## Problem to work on
The records that follow are to be given again exactly. Do not carry over any image.

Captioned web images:
####################
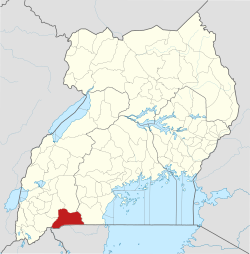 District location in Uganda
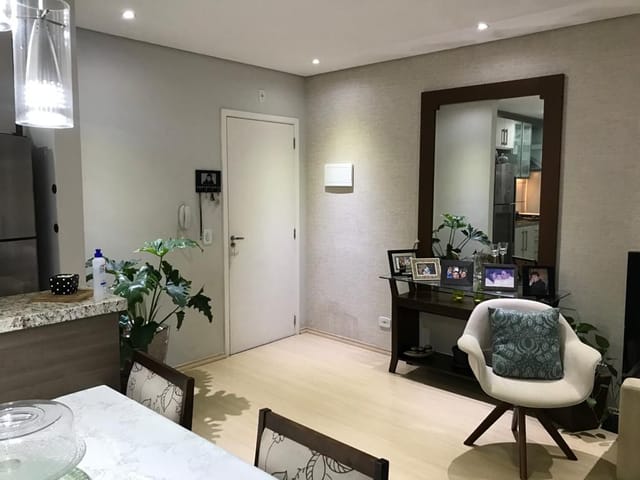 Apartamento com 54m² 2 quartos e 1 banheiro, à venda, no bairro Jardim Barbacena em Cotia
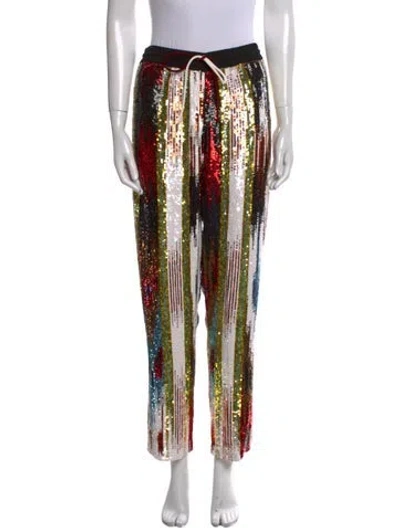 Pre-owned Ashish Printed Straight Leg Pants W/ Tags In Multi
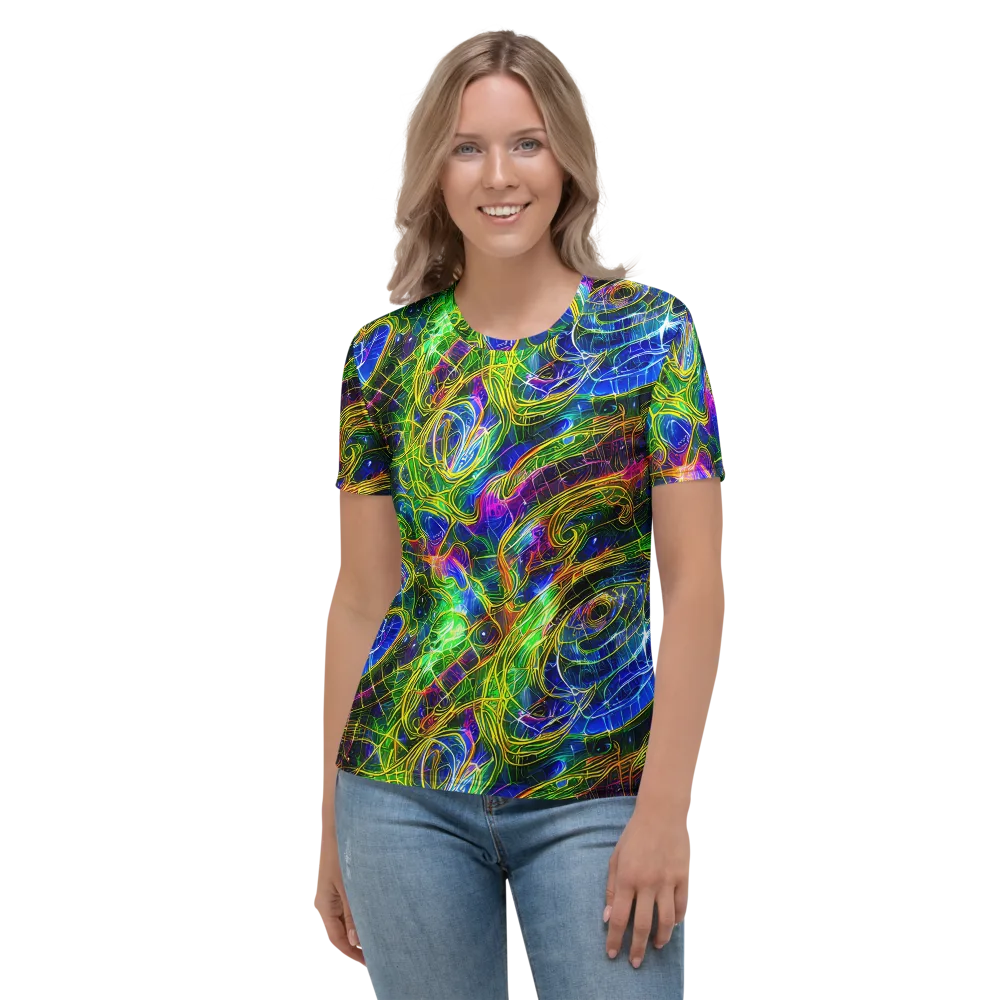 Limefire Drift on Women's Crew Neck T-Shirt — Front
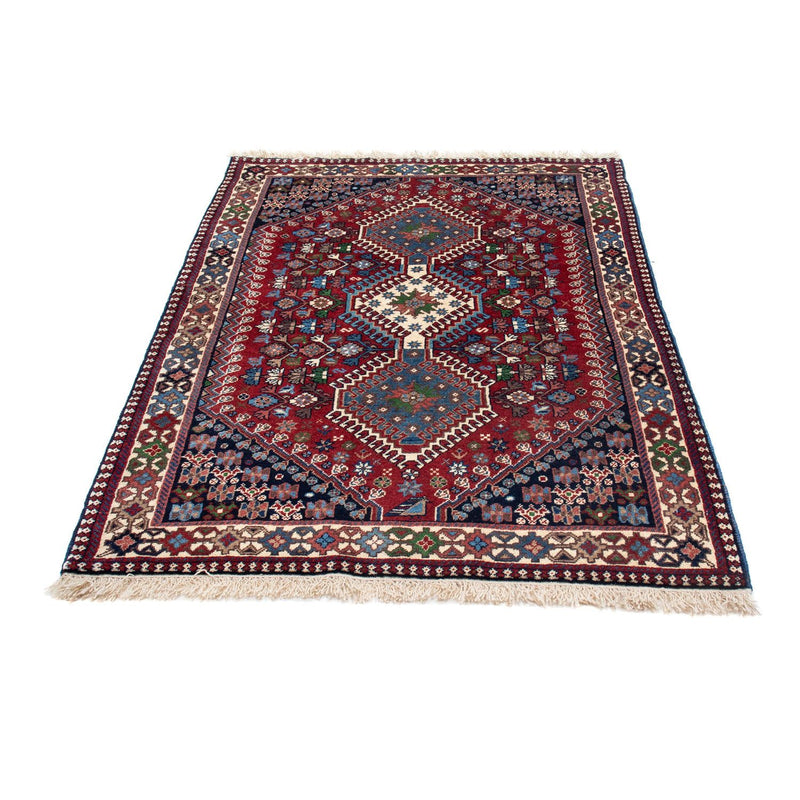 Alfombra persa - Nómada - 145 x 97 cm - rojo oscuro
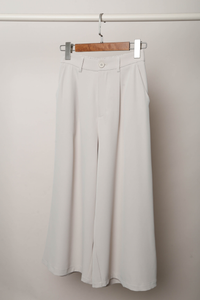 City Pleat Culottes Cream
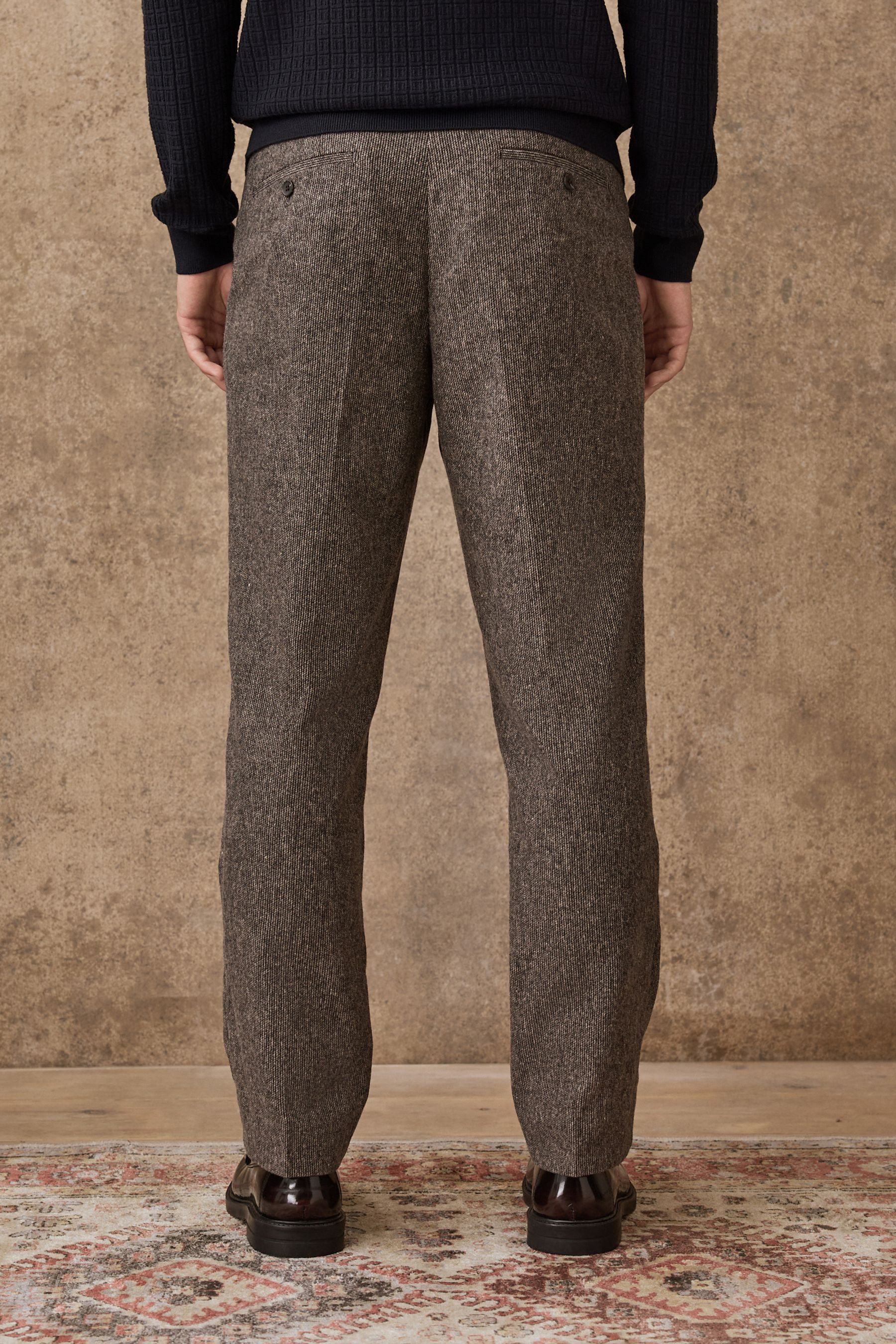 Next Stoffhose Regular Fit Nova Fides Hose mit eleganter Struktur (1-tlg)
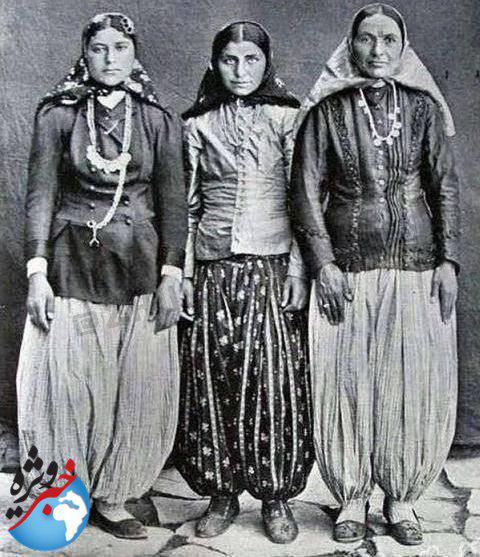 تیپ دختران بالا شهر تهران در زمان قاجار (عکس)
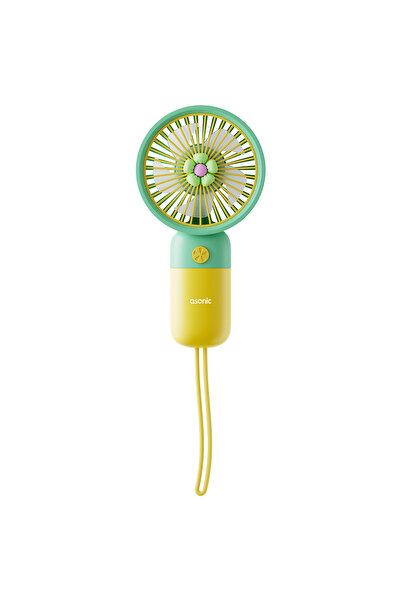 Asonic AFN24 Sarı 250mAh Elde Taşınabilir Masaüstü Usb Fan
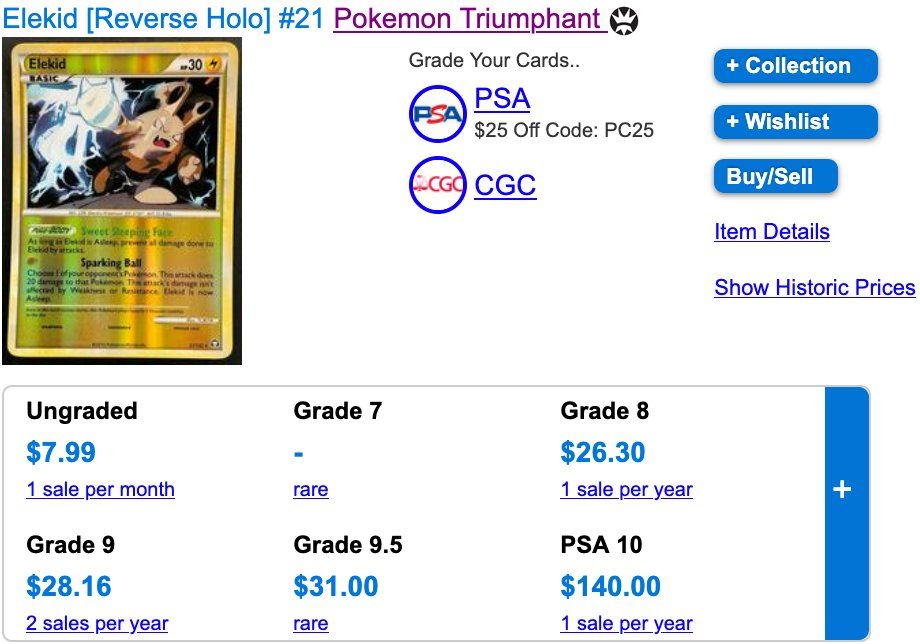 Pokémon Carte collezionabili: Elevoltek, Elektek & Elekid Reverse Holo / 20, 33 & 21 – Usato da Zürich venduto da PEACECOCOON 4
####################
## Response
 District location in Uganda
 Apartamento com 54m² 2 quartos e 1 banheiro, à venda, no bairro Jardim Barbacena em Cotia
 Pre-owned Ashish Printed Straight Leg Pants W/ Tags In Multi
 Limefire Drift on Women's Crew Neck T-Shirt — Front
 Alfombra persa - Nómada - 145 x 97 cm - rojo oscuro
 City Pleat Culottes Cream
 Next Stoffhose Regular Fit Nova Fides Hose mit eleganter Struktur (1-tlg)
 تیپ دختران بالا شهر تهران در زمان قاجار (عکس)
 Asonic AFN24 Sarı 250mAh Elde Taşınabilir Masaüstü Usb Fan
 Pokémon Carte collezionabili: Elevoltek, Elektek & Elekid Reverse Holo / 20, 33 & 21 – Usato da Zürich venduto da PEACECOCOON 4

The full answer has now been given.